Impact investors are uniquely positioned to save lives and make progress in these countries because they can efficiently build capacity in ways that help strengthen government systems, for example when there is limited funding or a lengthy budget approval process. Impact investors bring both concessionary and market-rate funding to solve challenges, complementing the philanthropic funding of foundations. Impact investors are also able to take into account market conditions, such as changes in interest rates and regulatory changes, to quickly move capital where it is needed most. They can also nimbly and flexibly achieve maximum impact, as they may have fewer constraints on their ability to take on risks and provide guarantees. Last, they can invest over a longer term, forego returns and waive interest payments to help investees manage cashflow and build reserves.

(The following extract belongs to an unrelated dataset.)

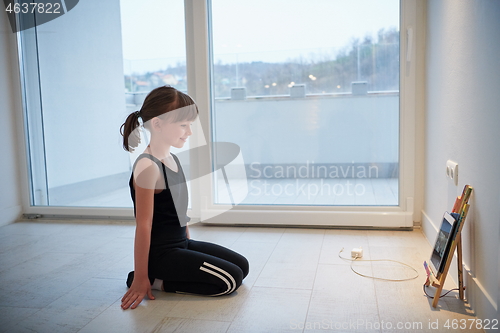 Image of girl online education ballet class at home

These strengths help unlock great potential for impact investors to respond to the rapidly shifting conditions created by the pandemic. At Unicef USA, we have sought to tap into that capability by creating a new Fast Fund that guarantees Unicef’s prepayment to suppliers until goods are delivered. Within the current market, some suppliers are asking for material amounts of the total cost upfront, and these guarantees absorb the financial risk if suppliers do not deliver. This supports Unicef’s quick securing and procurement of PPE for healthcare workers in more than 90 countries. Similarly, Unicef USA’s Bridge Fund provided $10m of essential bridge financing capacity to Unicef for its PPE purchases on behalf of countries while awaiting the transfer of funding, thereby accelerating deliveries to healthcare workers on the frontlines of the pandemic.

When disasters strike, whether it is climate change-driven hurricanes or a viral pandemic, the survival of those affected depends on our ability to get ahead of the problem and respond quickly. As low- and middle-income countries prepare to bear the brunt of the Covid-19 crisis in the coming months — with far fewer resources than high-income countries — impact investors can be an indispensable partner to relief organisations. They can fund novel solutions to rapidly evolving problems, and take on informed risks where others will not. The greater and more immediate risk lies in failing to respond at all.

Cristina Shapiro is president of the Impact Fund for Children at Unicef USA, and formerly was head of global strategy, management and employee engagement for the Goldman Sachs Foundation. She serves on the board of Accion East and sits on the credit committee of the Community Investment Guarantee Pool.